Kirkus Reviews QR Code
NAP TIME: The True Story of Sexual Abuse at a Suburban Day Care Center by Lisa Manshel

NAP TIME: The True Story of Sexual Abuse at a Suburban Day Care Center

By

Pub Date: Jan. 15th, 1989
Publisher: Morrow

In her first book, Manshel focuses on the investigation and trial of a day-care center teacher convicted of sexual abuse of numerous very young children. Missing--and needed--are the insights of a Capote or a Mailer into the background and character of 23-year-old Mary Kelly Michaels, into the dark forces that--among even worse abominations--impelled her to insert knives into children's private parts. Despite this lack, however, and despite Manshel's penchant for peripheral details (e.g., the disruptive high jinks of a disturbed alternate juror), this is a competent, often gripping, work of reportage. The investigation began with a single report to New Jersey's Division of Youth and Family Services that a teacher at Maplewood's Wee Care Nursery may have, against regulations, used an anal thermometer on a young boy. It eventually turned up the likely abuse of 51 children, primarily during nap periods. Despite precautions on the part of investigators, the children were traumatized all over again by their reluctant revelations: Kelly had reportedly said she would kill them or their parents if they talked.
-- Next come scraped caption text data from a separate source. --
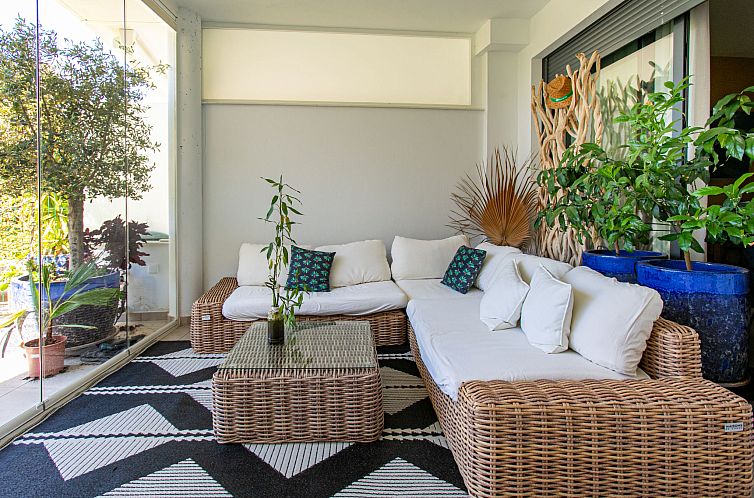 Appartement Sea Garden
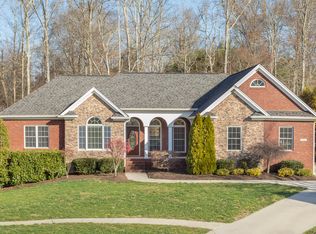 3328 Lakewood Dr NW, Cleveland, TN 37312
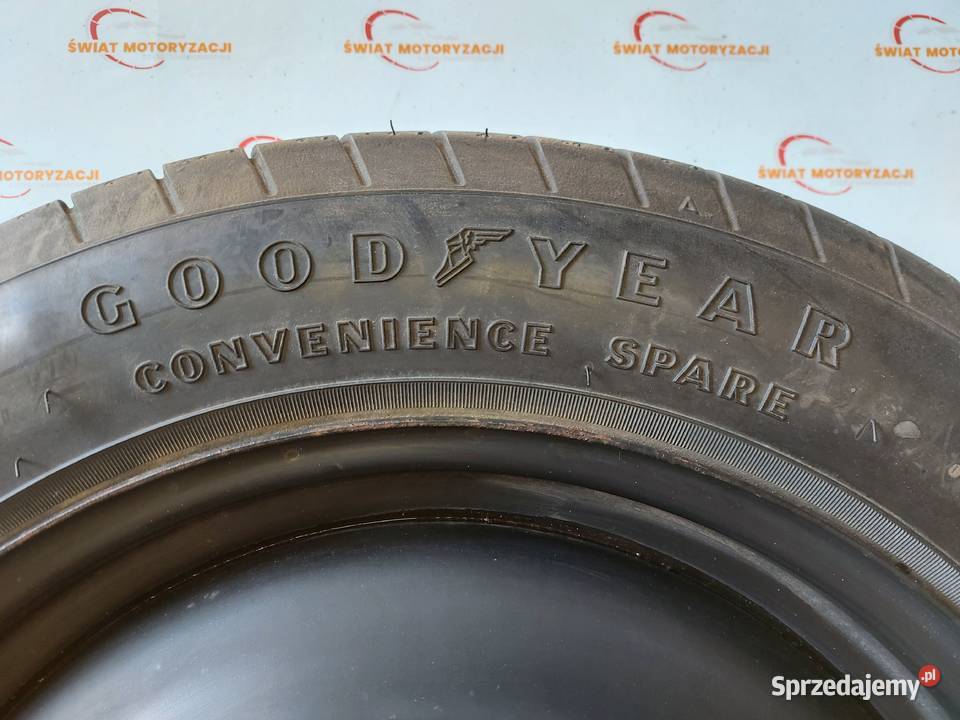 MONDEO MK4 S GALAXY MK3 koło dojazdowe 1258516 świętokrzyskie Kielce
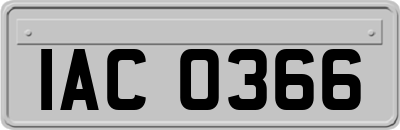 IAC0366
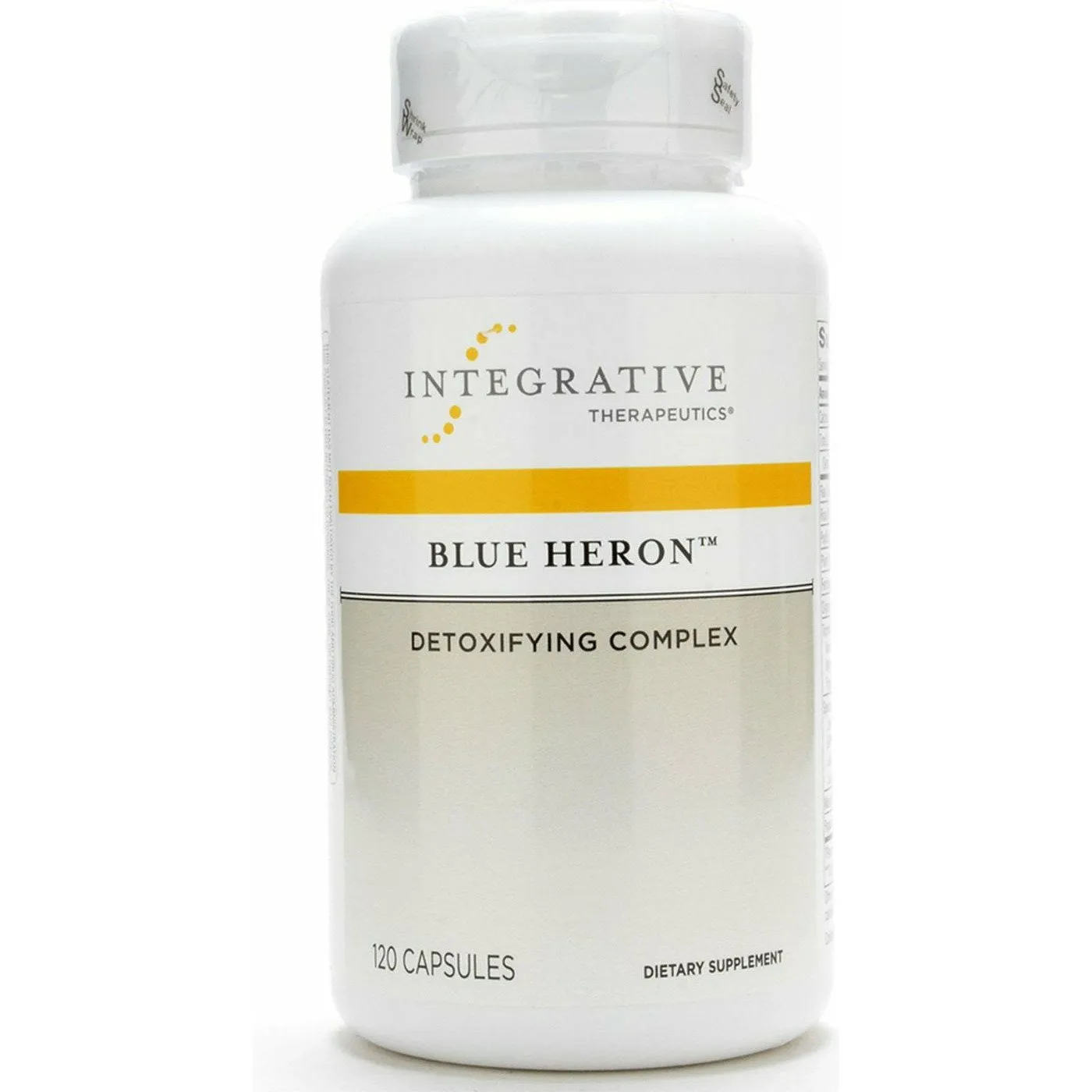 Blue Heron 120 caps by Integrative Therapeutics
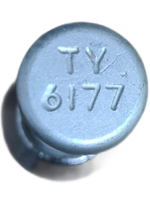 Комплект шпилек + гаек колеса на Кобальт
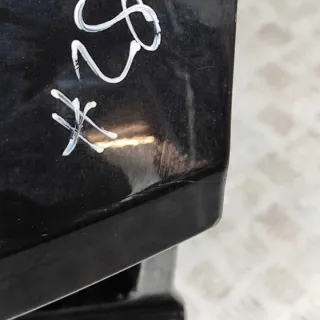 4G9827025B Крышка багажника (дверь 3-5) Audi A6 C7 (S6,RS6) Арт e12111899, вид 6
Manshel's rendition of the televised courtroom testimony of 20 of the squirming children as they reluctantly repeated--or refused to repeat--what they had told the investigators graphically demonstrates the difficulties and dangers of subjecting suggestible and inarticulate children to standard courtroom procedure. A cautionary real-life horror tale, told well enough to make the blood run cold. (For another account of the case, by a mother of one of the involved children, see Crowley's Not My Child, reviewed above.)